■ Work to complete ■
A word-for-word copy of every entry below is required; the images do not belong in it.

Web page caption snippets:
◇ ◇ ◇

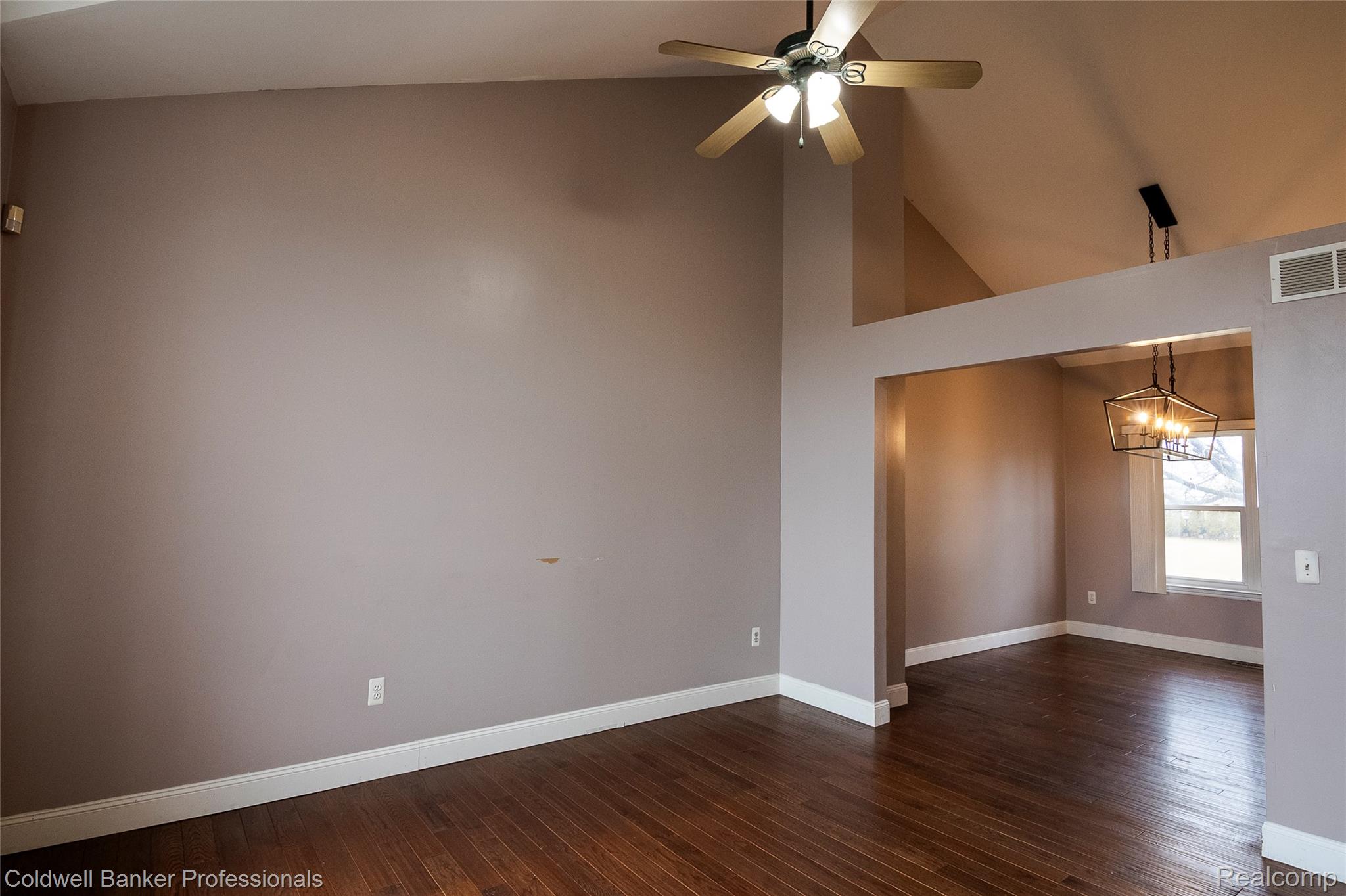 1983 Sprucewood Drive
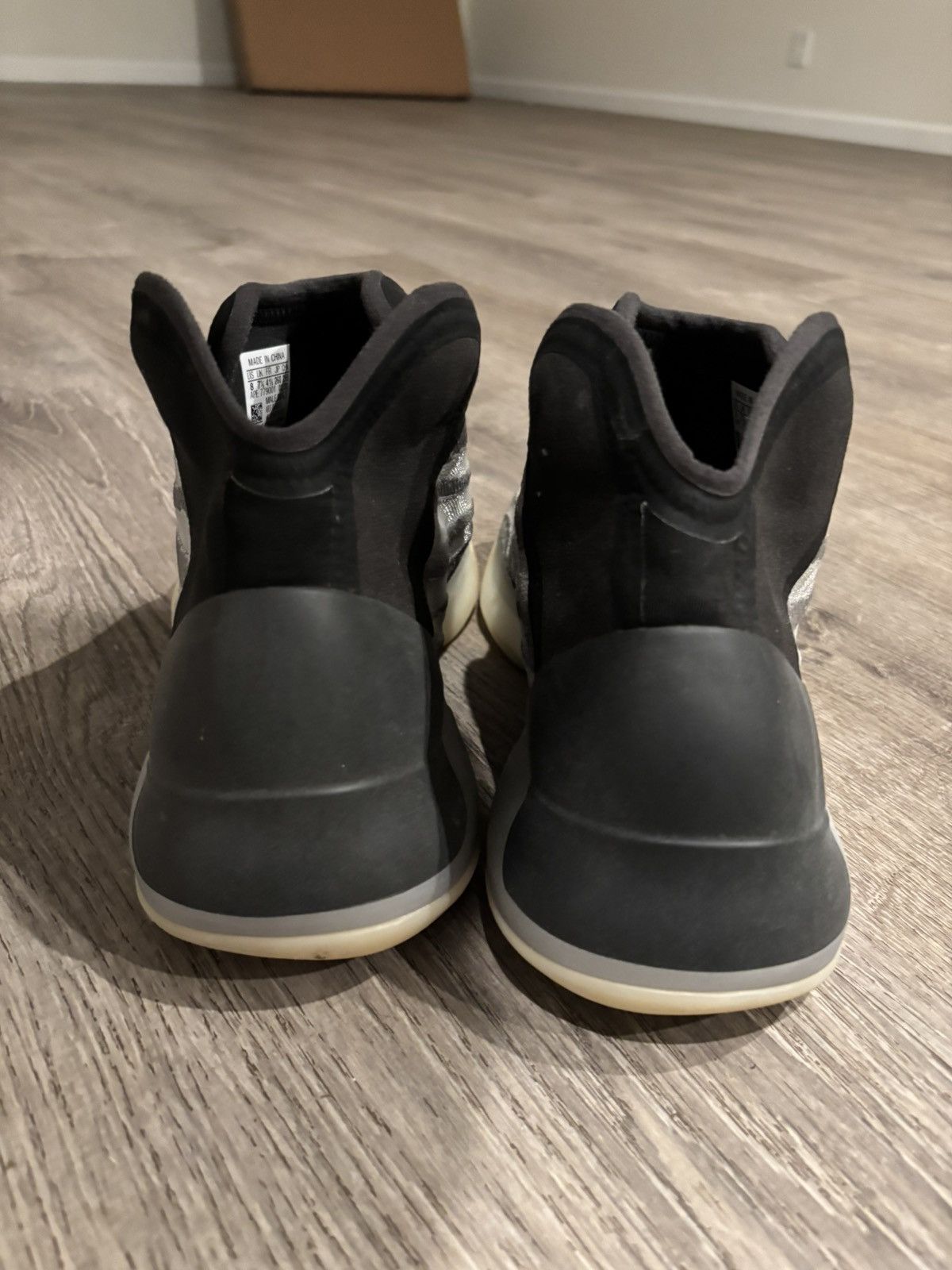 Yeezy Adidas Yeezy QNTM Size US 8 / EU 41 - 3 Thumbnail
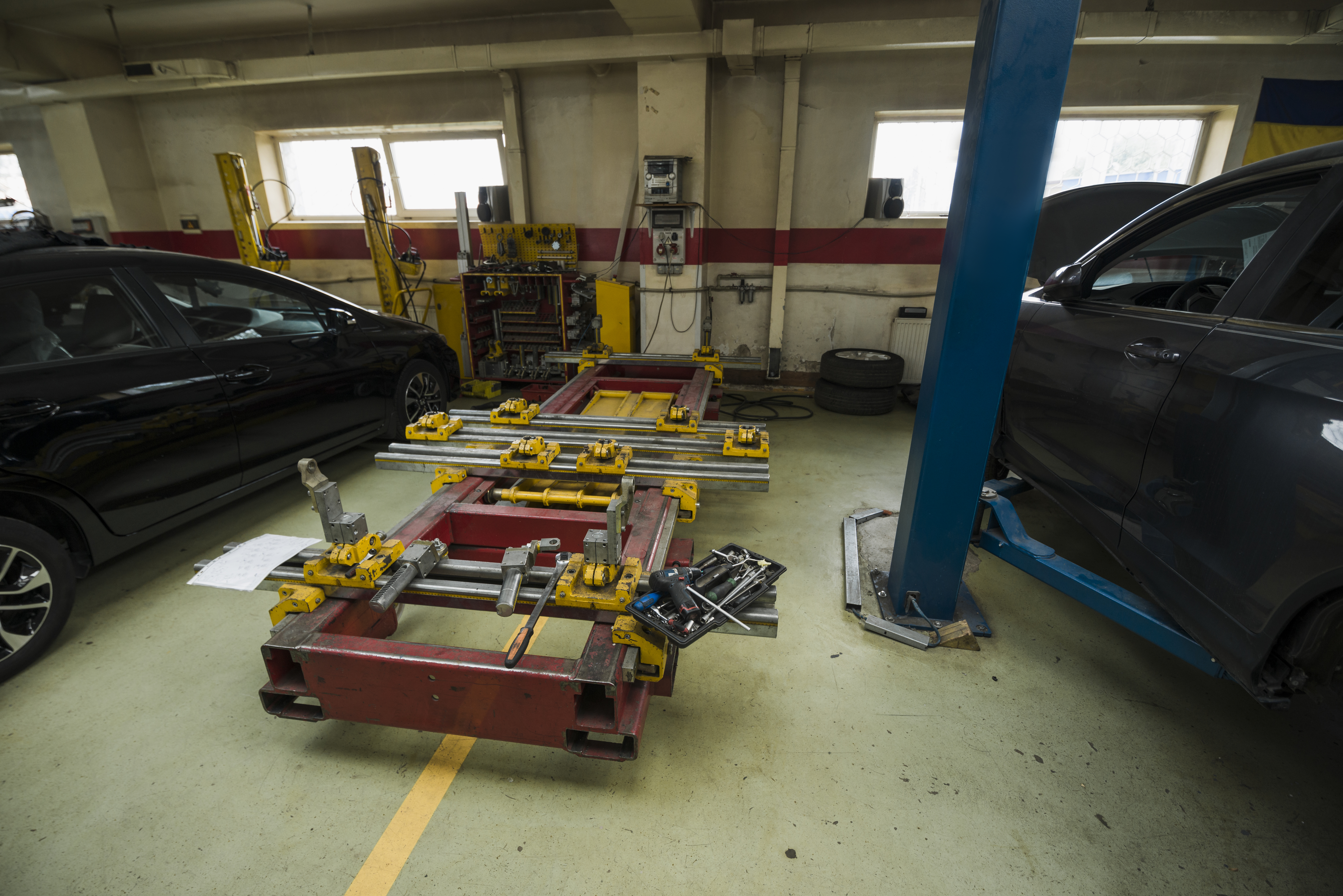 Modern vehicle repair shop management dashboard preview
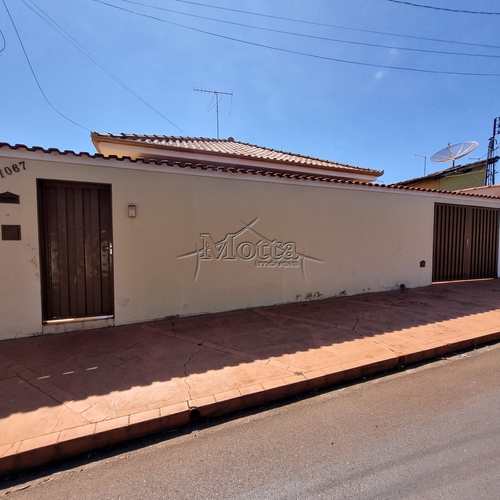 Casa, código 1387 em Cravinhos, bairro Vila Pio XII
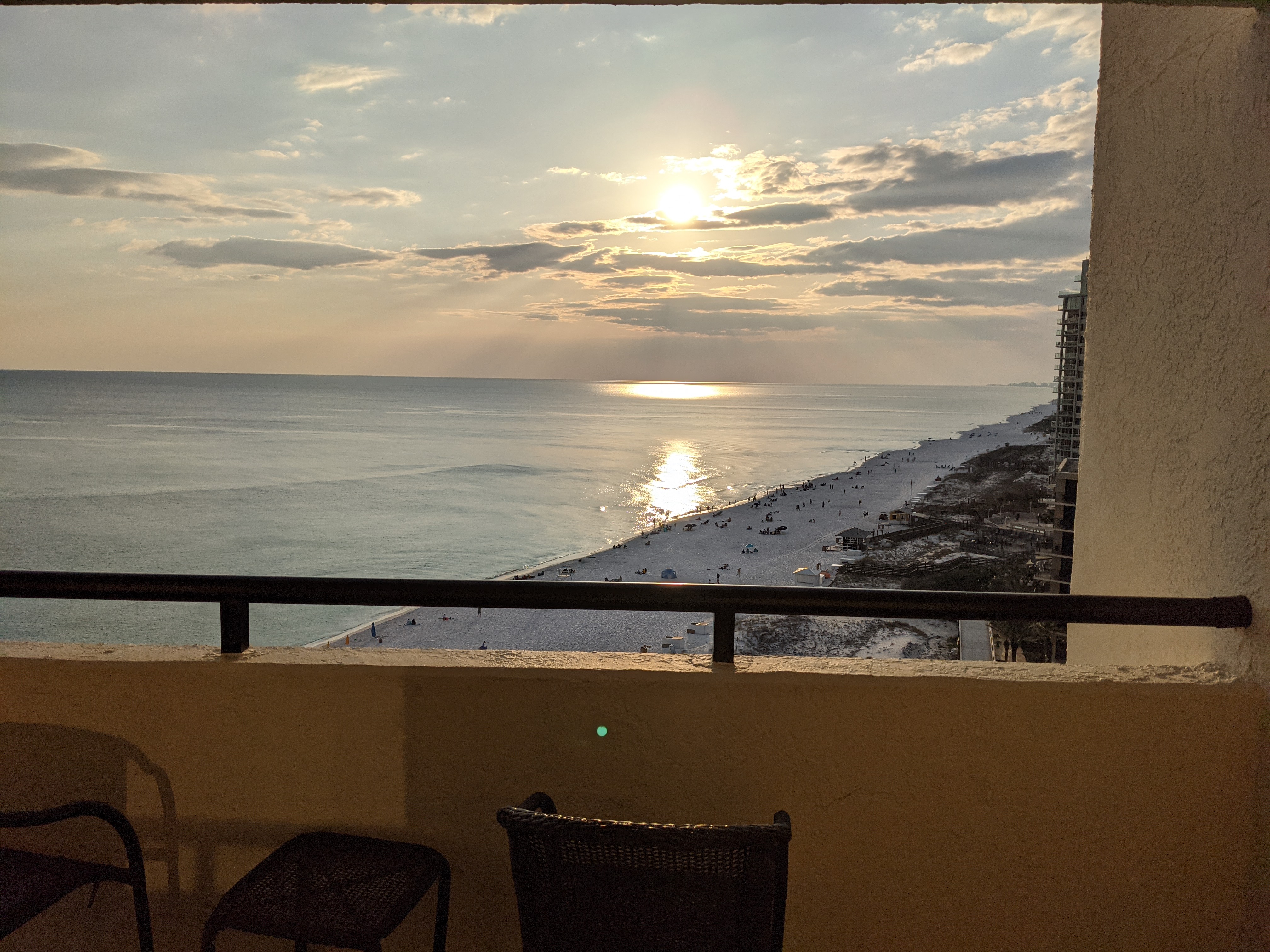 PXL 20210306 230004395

◇ ◇ ◇

■ Solution to this task ■
 1983 Sprucewood Drive
 Yeezy Adidas Yeezy QNTM Size US 8 / EU 41 - 3 Thumbnail
 Modern vehicle repair shop management dashboard preview
 Casa, código 1387 em Cravinhos, bairro Vila Pio XII
 PXL 20210306 230004395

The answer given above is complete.